Köşemizin el verdiği ölçüde bu hususa kısaca değinelim!
1. Bir defa AKP klasik bir siyasi parti değildir. AKP kendisine gönül verenler yönünden bir biat, ekonomik beklenti içinde olanlar yönünden bir çıkar, dinsel hassasiyet içinde olanlar yönündense bir inanç alanıdır.
2. AKP, bilindiği gibi diğer siyasi partilerin, daha çok da CHP ve MHP’nin bilmediği, anlamadığı ve anlamak da istemediği yöntemlerle çalışmaktadır.
3. AKP, Türkiye’deki tek parti dönemi hariç ilk kez hayatın her alanına mutlak hâkimiyetini yayan siyasi bir parti olmuştur.
4. İktidar partisi AKP altı yıllık süre içinde parti televizyonları, parti gazeteleri, parti STK’ları, parti burjuvası, parti aydını, parti sendikası, parti bürokrasisi oluşturmuştur. Devlet cihazını kayıtsız şartsız elinde tutan iktidar, devlet bürokrasisini parti bürokrasisine çevirmiştir.
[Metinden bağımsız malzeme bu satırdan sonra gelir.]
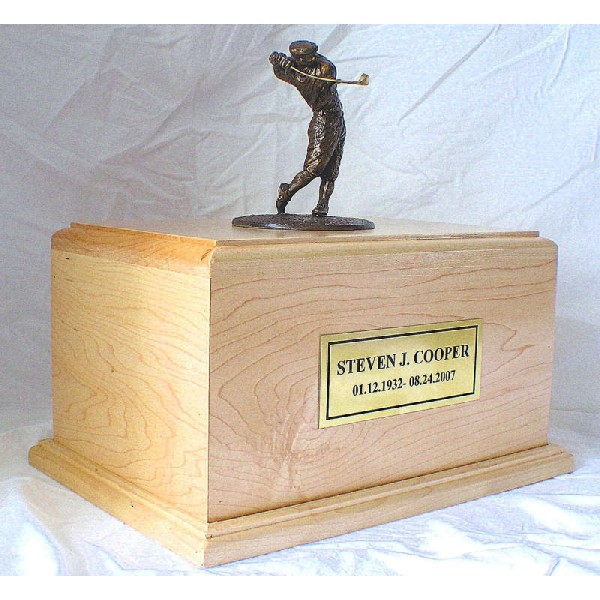 Sand Blast Maple Wood Golf Urn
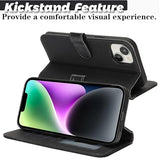Case for iPhone 14/13 6.1" Genuine Leather Wallet Case with 4 Card Slot, RFID Blocking Card Holder Magnetic Flip Folio Kickstand Shockproof Phone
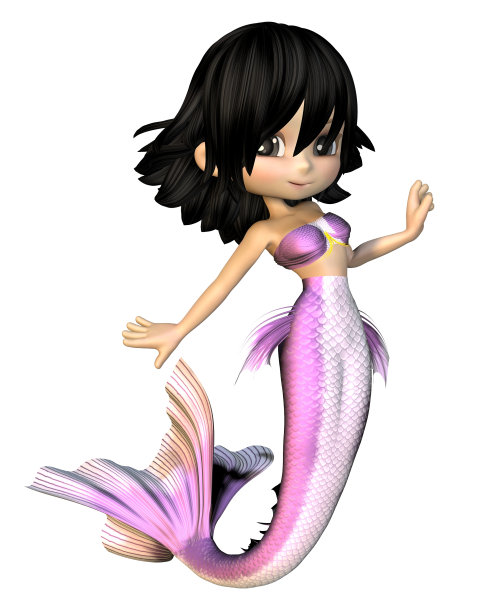可爱的卡通紫色美人鱼图片下载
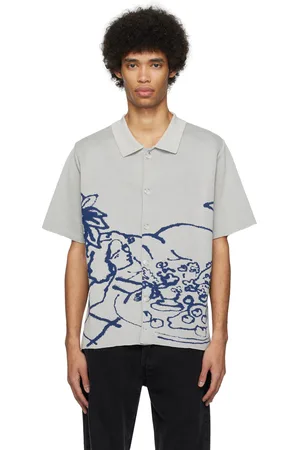 CARNE BOLLENTE Chemise Tits Time gris et bleu marine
5. AKP’nin işbaşına gelmesiyle birlikte Türkiye’de kamu mülkiyeti önemli ölçüde el değiştirmiştir. Birçoğu Cumhuriyet’le yaşıt kamu kuruluşları büyük ölçüde AKP’yi içeriden ve dışarıdan destekleyenlere “özelleştirme” yoluyla devredilmiştir. Kamu kuruluşları bir anlamda yalnızca özelleştirilmemiş, aynı zamanda AKP’lileştirilmiştir.

Dişli: “Fedakârlık ve
feragat” abidesi!

AKP yandaşı yayın organı ve araştırma merkezlerinin anketlerinden bir seçim olsa baraj sorunu olmayan tek parti olarak gösterdikleri AKP, böyle bir altyapının üstünde oturmaktadır.
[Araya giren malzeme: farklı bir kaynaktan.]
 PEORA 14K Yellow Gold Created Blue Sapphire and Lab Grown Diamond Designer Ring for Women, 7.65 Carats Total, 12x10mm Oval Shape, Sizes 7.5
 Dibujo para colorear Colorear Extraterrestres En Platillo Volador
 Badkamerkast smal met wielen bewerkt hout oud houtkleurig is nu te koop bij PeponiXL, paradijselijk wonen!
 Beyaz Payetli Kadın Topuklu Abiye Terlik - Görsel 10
Dikkat edilirse her yolsuzluk, her anti-laik ve her kadrolaşma suçlaması AKP’yi biraz daha güçlendirmektedir. Bunun nedeni bugün Türkiye’de önemli olanın rüşvet, yolsuzluk ve çürümüşlük değil olan bitenin halka nasıl yansıtıldığıdır. Bu konuda Şaban Dişli olayı ilginç bir örnektir. Rüşvet iddialarıyla istifa etmek zorunda kalan AKP Genel Başkan Yardımcısı “fedakârlık ve feragat” abidesi şahıs olarak kamuoyuna sunulmuştur. Önemli olan rüşvet ya da yolsuzluğun bir gerçek olmasından ziyade kamu vicdanında nasıl yankı bulduğuyla ilgilidir. Kamu vicdanı da AKP’nin kitle iletişim ve ulaşım makinesi tarafından denetim altında tutulduğu sürece sorun yoktur. Bilindiği gibi en kötü yolsuzluğu, en lanetlenecek tutumu, en eğriyi doğru göstermek bu araçlarla çok kolaydır.
Bilinmelidir ki, fikir, proje ve hizmetlerin seçim sonuçlarına etkisi eskiye oranla giderek düşmektedir. Günümüzde sade vatandaşların kararlarının yüzde 51’ini umutlar, kalan kısmını da sosyal psikolojik rüzgâr tayin etmektedir. Vatandaşların umutlarını ve psikolojisini etkili bir biçimde yönetebilenler, halktan her şeye rağmen büyük destek görebilmektedir.